Exercise objective: Could the lines from the line bearing "HP Classic BBQ Sauce – 465g Bottl..." to the end of the records below be copied exactly, with the pictures left out and no other lines added?

BEGIN Extracted records

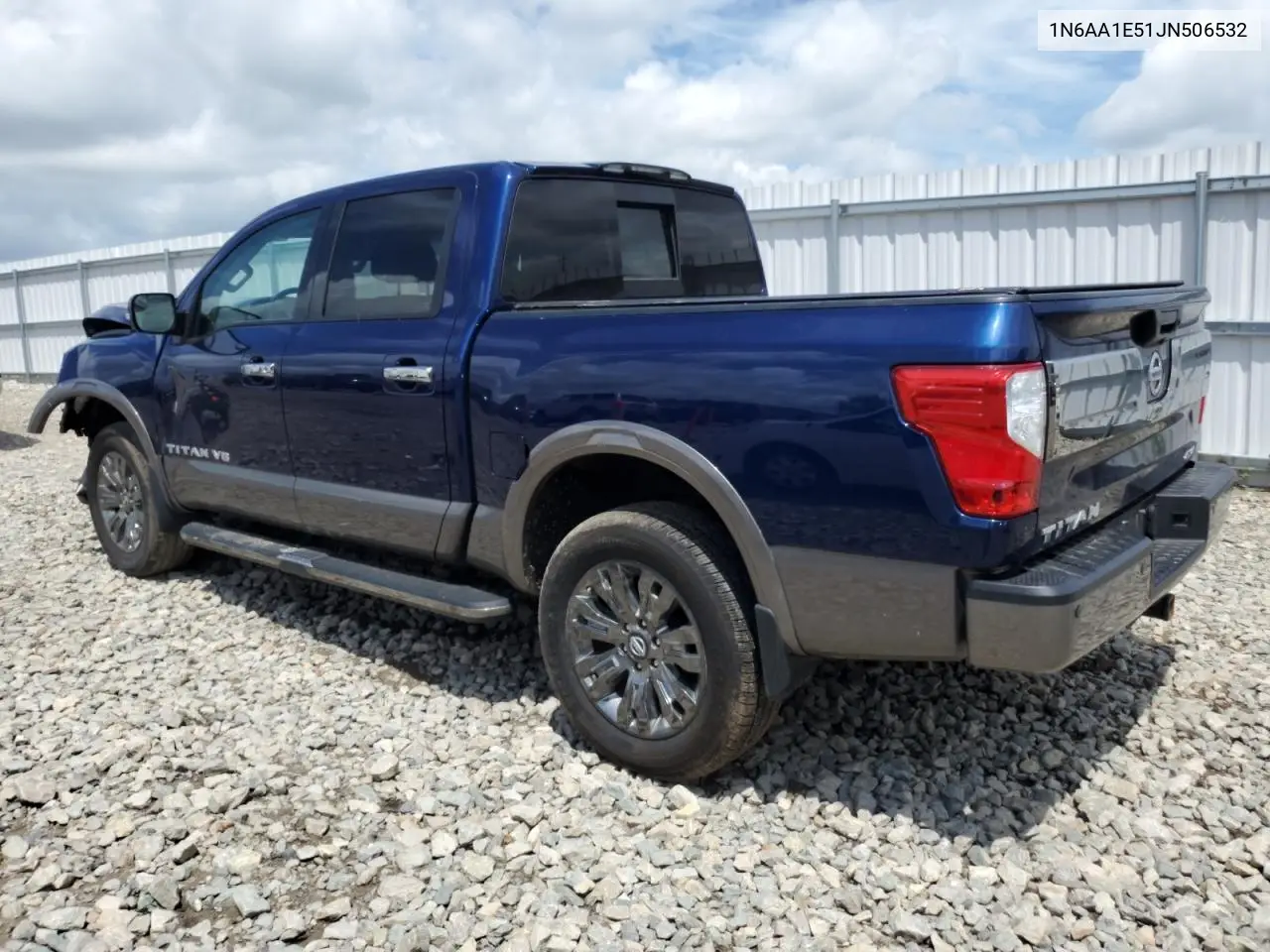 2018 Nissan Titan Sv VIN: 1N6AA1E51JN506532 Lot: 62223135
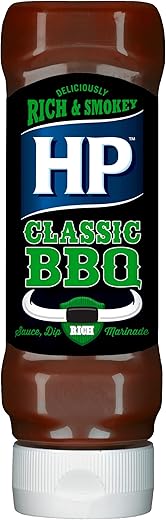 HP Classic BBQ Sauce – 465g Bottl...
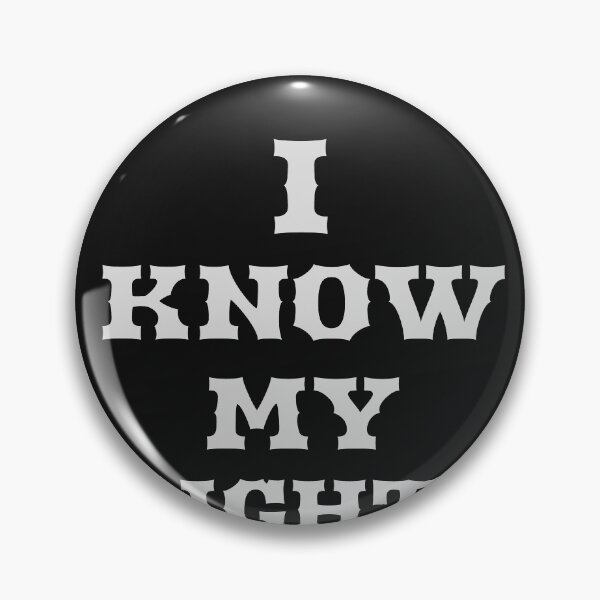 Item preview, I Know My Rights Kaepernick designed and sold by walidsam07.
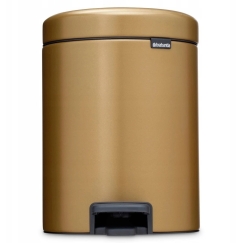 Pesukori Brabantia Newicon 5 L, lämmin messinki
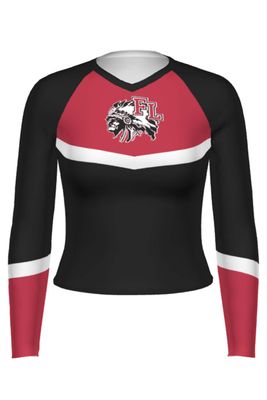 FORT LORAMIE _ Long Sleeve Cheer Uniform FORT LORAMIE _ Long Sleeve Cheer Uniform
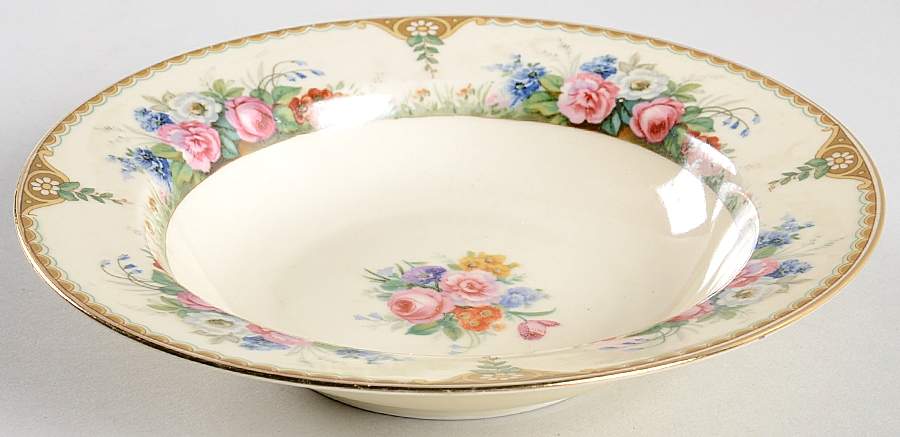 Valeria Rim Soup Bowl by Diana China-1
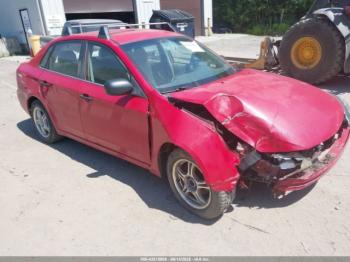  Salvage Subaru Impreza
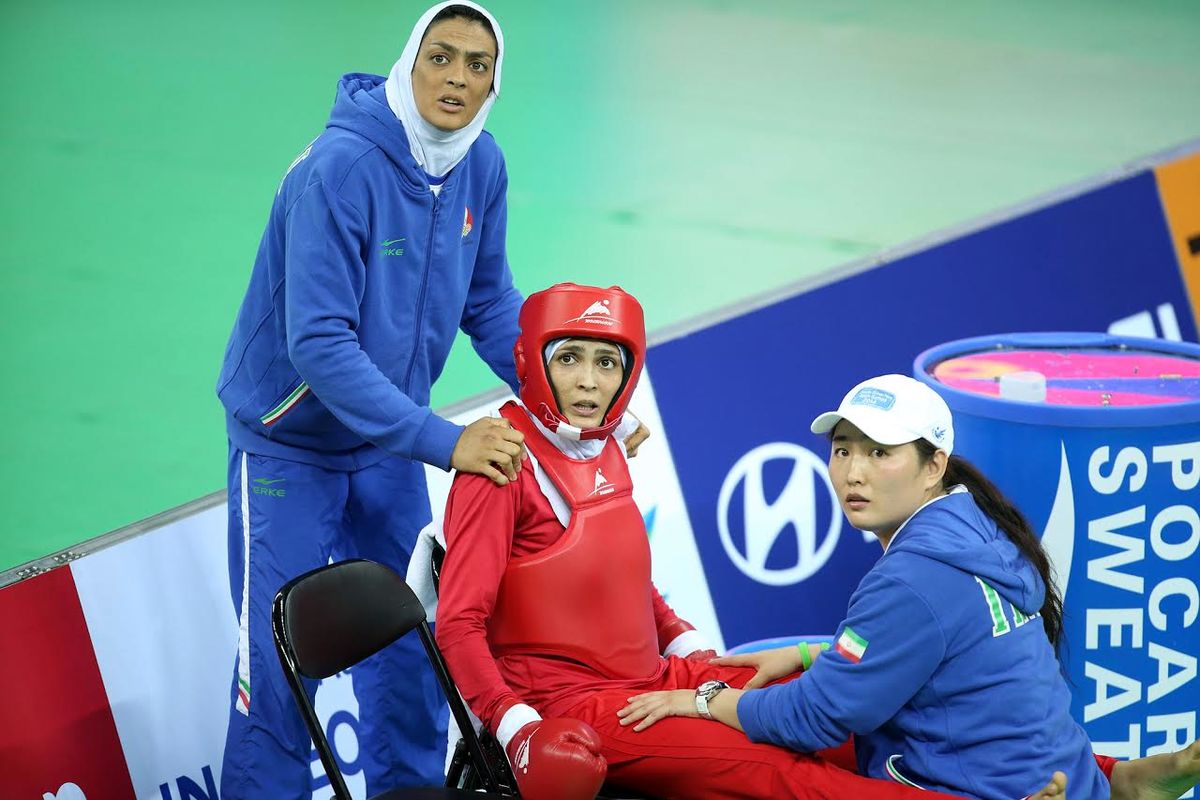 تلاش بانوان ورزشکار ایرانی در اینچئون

END Extracted records

Result of the exercise:
 HP Classic BBQ Sauce – 465g Bottl...
 Item preview, I Know My Rights Kaepernick designed and sold by walidsam07.
 Pesukori Brabantia Newicon 5 L, lämmin messinki
 FORT LORAMIE _ Long Sleeve Cheer Uniform FORT LORAMIE _ Long Sleeve Cheer Uniform
 Valeria Rim Soup Bowl by Diana China-1
  Salvage Subaru Impreza
 تلاش بانوان ورزشکار ایرانی در اینچئون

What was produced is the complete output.